Wednesday, 20 March 2013

Boris Boosters’ Budget Blooper

The London Evening Standard, aka London Daily Bozza, clearly has a close relationship with more than one Tory, as they were privy to an early briefing on the Budget statement to be announced to Parliament by the Rt Hon Gideon George Oliver Osborne, heir to the seventeenth Baronet. This was not initially a problem, provided they did not go to press before he had spoken.

That the Chancellor is the first to speak his own words sounds like a statement of the obvious, and the precedent, along with its result, is well known: before giving his autumn statement in 1947, Hugh Dalton chatted with a journalist who then got the information into print before the speech had been completed, and while the Stock Exchange was still open. He was required to resign as a result.

And the behaviour of the press has recently been sympathetic, as Piers “Morgan” Moron recalled earlier today. The then Daily Mirror editor was leaked Ken Clarke’s November 1996 Budget statement more or less in toto, but handed it back. Moron’s fellow editors mostly said they’d have run with it, although they may have had a later problem with the courage-reality continuum.

So what of the Standard? To the evident delight of Mil The Younger and his shadow Chancellor “Auguste” Balls, an unnamed staffer there Tweeted the news and the Labour front bench knew what Osborne was going to say before he had even considered standing up. And if there were red faces on the Government benches, this was as nothing to the mood at the Standard.

Political Editor Joe Murphy took to Twitter to strike a suitably contrite note: “I wish to apologise for a very serious mistake by the Evening Standard earlier which resulted in our front page being Tweeted ... We are so sorry to the House of Commons, to the Speaker and to the Chancellor for what happened. We shall be apologising to them”. Well, that’s what you get with pre-briefing.

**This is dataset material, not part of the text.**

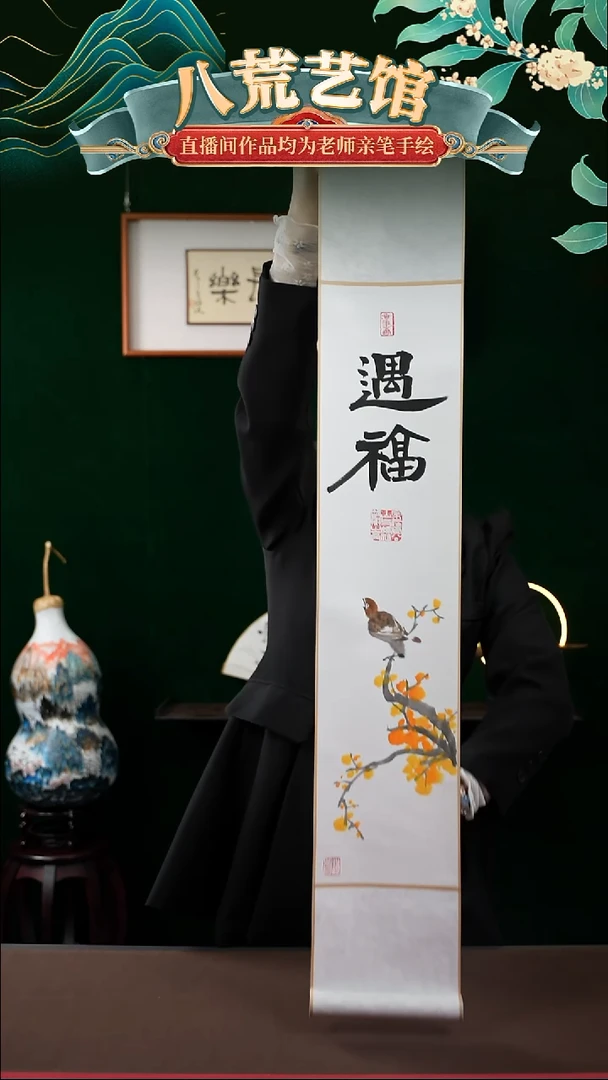 书法17*110书法卷轴遇福1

And not everyone responded to the leak news in sombre terms: Pa Broon’s former spinner Charlie Whelan – the one who had to go after himself leaking information – responded with “Don’t worry @joemurphylondon they won’t lock you in the Tower for leaking [the] budget. I used to do it all the time!” Which of Brown’s early budgets he is talking about is not mentioned.

Meanwhile, the unfortunate young hack who maybe inadvertently clicked prematurely has been suspended, as Standard editor Sarah Sands (whose appointment met with Bozza’s approval) explained “We have immediately reviewed our procedures. We are devastated that an embargo was breached and offer our heartfelt apologies”.

Lighten up, Standard people. Stuff happens.